風を孕んで揺れる髪も、陶器のように白い肌も、前を見つめる横顔のシルエットも、息を呑むほどに美しい。
ああ、しかし、しかしだ。
そんなことはどうでもいいのだ。
美しい顔貌も、均整の取れた身体も、皮を一枚剥げば同じ肉だ。肉の下には黄色の脂肪があり、その下には骨がある。貧民も、闇の世界に身を浸す者も、王族も、人間であれば皆同じだ。
――アルフィリア王国第一王子、ユリウス・ル・アルフィリア。
彼の周りを固めるのは、かの最強の男ツェーデル・ド・アルフィリアが息子コンスタンティン・ド・アルフィリアと、その部下たる近衛騎士達だ。皆軒並み実力者であり、まともにやり合えば一対一でも敵いやしないだろう。
……だが別に、彼らと戦って勝とうなどと思っているわけではない。
ここで自分が、第一王子ユリウスに刃を向けること。それこそに意味があるのだ――。
(必ずや、やり遂げてみせます)
脳裏に思い描くのは、自分の世界の中心にいるあの方だ。人の枠を超えたうつくしさを持つ白金の髪と、煌めく銀の瞳を持つ、あの御方。
あの方がやれと命じるならば、自分はそれに従うだけなのだ――たとえその先にあるのが、破滅であろうとも。
王族専用の、一際高い観覧席に座るユリウスは、観察するような目では、眼下で繰り広げられているアカデミー一年生の戦いを見つめているようだった。気配を消して闇に潜んでいる自分からはリングは見えないが、観客席の様子からして三試合目が終盤に近づいているのだろう。三試合目は今年の主席と水の第二席の戦いだったようだが、実力の差は明らかなので勝敗の行方が気になる筈もない。応援の声を聞いていると、どうやら主席の方が何故かイラついているのか若干不調のようだが、すぐに決着が着くだろう。
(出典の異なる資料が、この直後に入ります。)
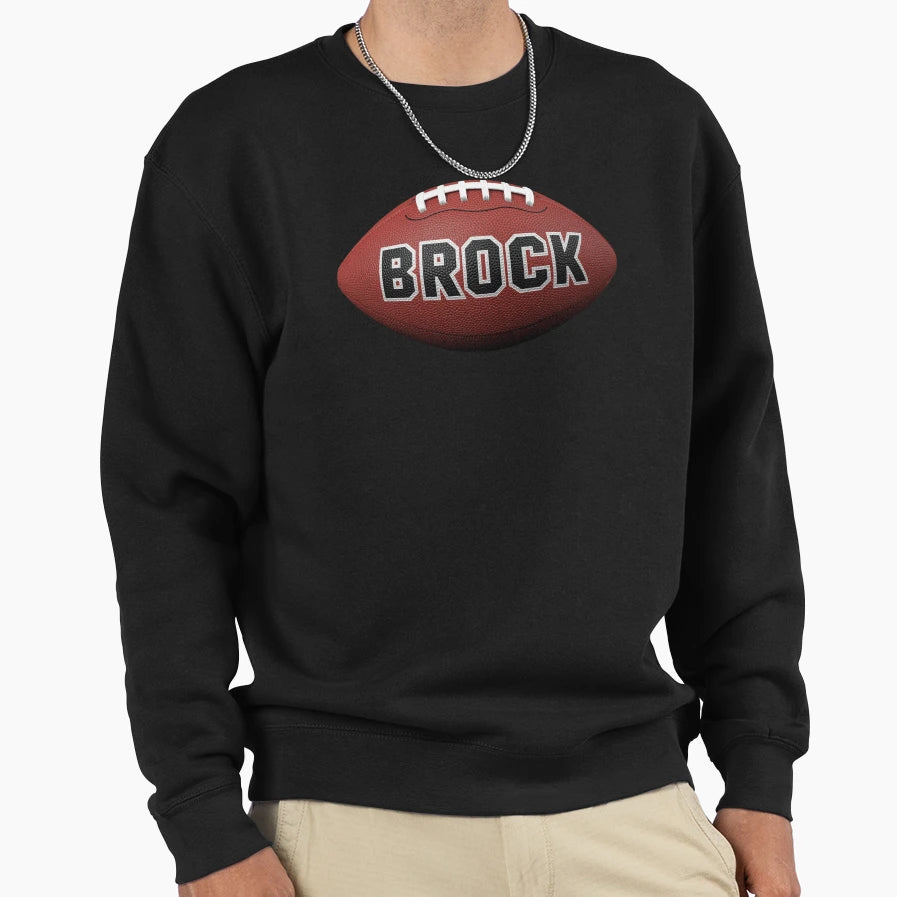 Brock New Breed Greatness Sweatshirt - Trendy Graphic Men Women - T-Shirt, Sweatshirt, Hoodie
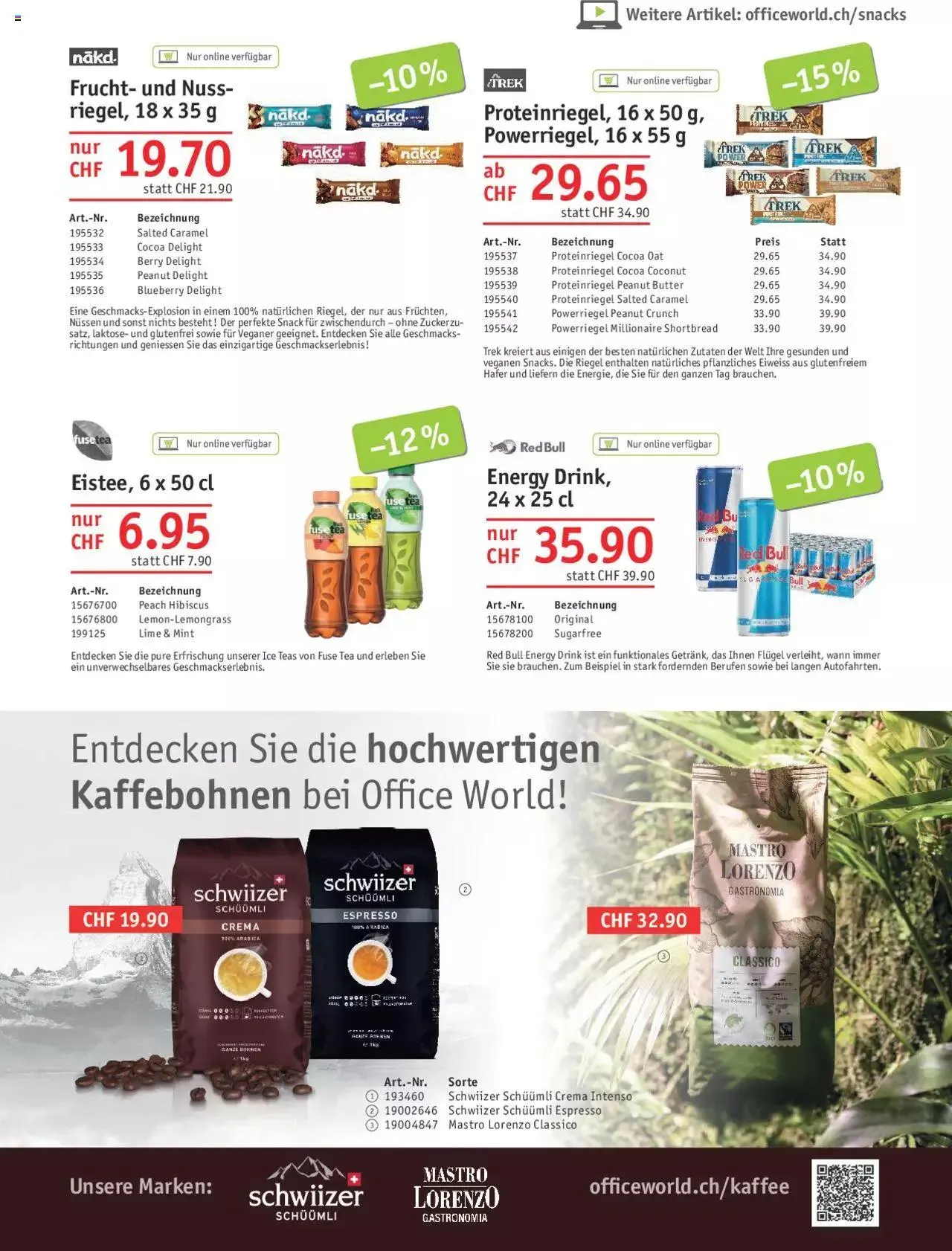 Office World Aktionen von 24. August bis 27. September 2023 - Prospekt seite 15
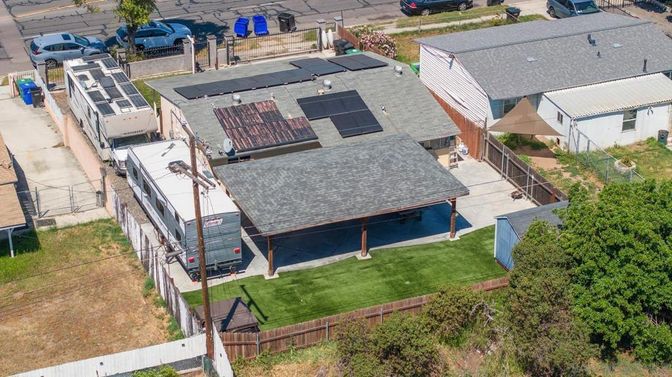 Exterior, Drone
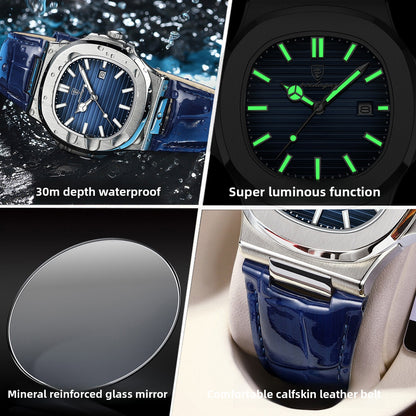 Super Dad - Ultra Leather Strap ( Retro )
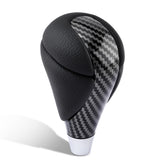 AUTOKAY carbon fiber knob front view showcasing refined cabin upgrade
そして、戦いを見終わり、ほんの僅かではあるだろうが、ユリウスを含めた彼らが気を緩めたその瞬間――その瞬間が来たら。
――わっ!
刹那、大きく観客席が沸く。目を見開いたと同時、審判が声を上げる。
「それまで! 勝者、ジークレイン・イグニス!」
拍手が沸き起こり、新入生たちの試合を見てか感心したように近衛騎士達が顔を見合わせる――今だ。
耳栓をつけ、地を蹴って駆け出した。
短剣を構えたまま、第一王子ユリウスに向かって突進する。こちらの気配に気づいたのか、ユリウスがちら、とこちらを見た。琥珀色の目と、目が合う。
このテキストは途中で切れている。